A vane display is a type of 7-segment display. Unlike LED and VFD segmented displays, vane displays are composed of seven physical surfaces (vanes), typically painted white, but occasionally other colors, such as yellow or fluorescent green. If a segment is to be displayed as "off", it will be rotated so that its edge faces forward, with the painted surface pointing away and not visible. A segment that is to be displayed as "on" will be rotated so that the painted surface is shown.

Vane displays operate in a similar manner to flip-disc displays, in that the segments are quickly moved using electromagnets. Some variants used where the display need not necessarily be changed quickly use electric motors to rotate the displays in and out of place.

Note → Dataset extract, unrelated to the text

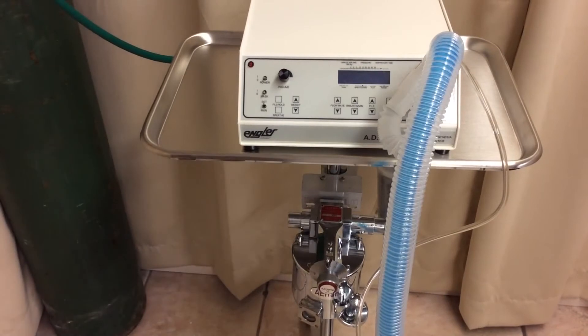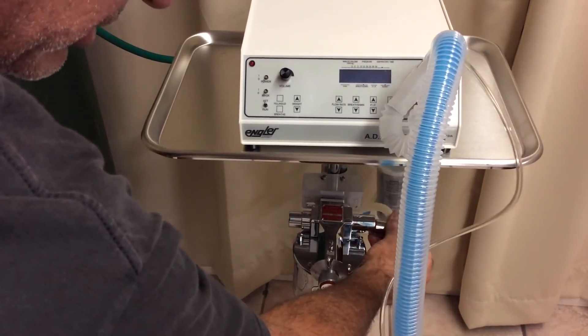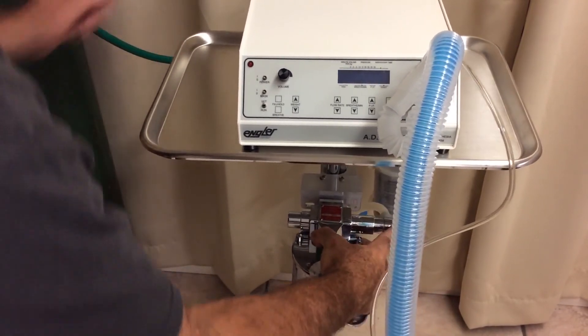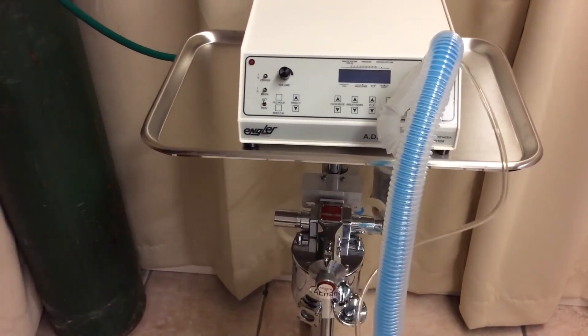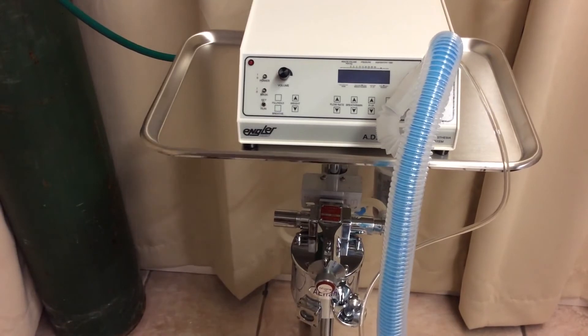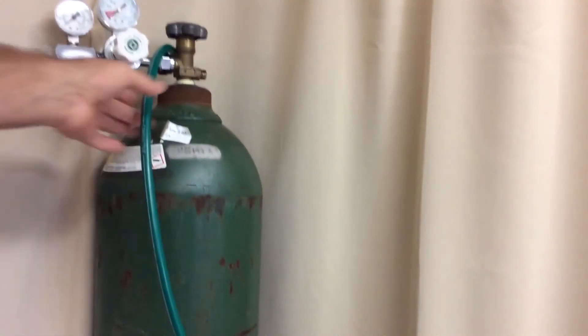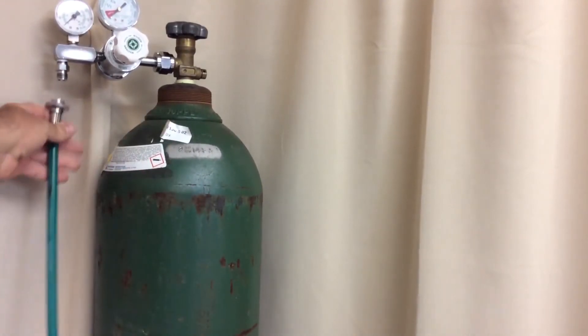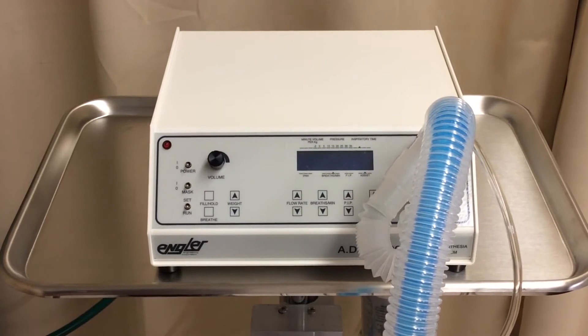Connecting the rest of the ADS is just as simple. Here we have the to and from vaporizer hoses — that connects here, and that connects here. Simple as that. And oxygen connects here as well.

Vane displays have been used in game shows and on scoreboards in sports arenas and stadiums. Like eggcrate displays, they are not washed out by bright lights such as those found in a television studio. Another benefit of the vane display is that if the power supply is lost, the display will continue to show whatever the last value was before power was cut. However, like flip-disc displays, if many elements must be changed at the same time, the flipping displays may present a significant amount of noise.

Examples 
American and Canadian game shows have used vane displays to display contestants' scores or for countdown clocks. Prior to this, the slide display was more common.
The Oklahoma Turnpike Authority has used vane displays on several of their automatic toll collection baskets to display the toll due.
The New Jersey Turnpike previously used vane displays for all roadway speed limit signs; it was not uncommon to see them blank; VMS sign replacements now use a new electronic speed limit sign. Various other locations with variable speed limits also employ either this or eggcrate, flip-disc, or LED displays to display the current speed limit for the area.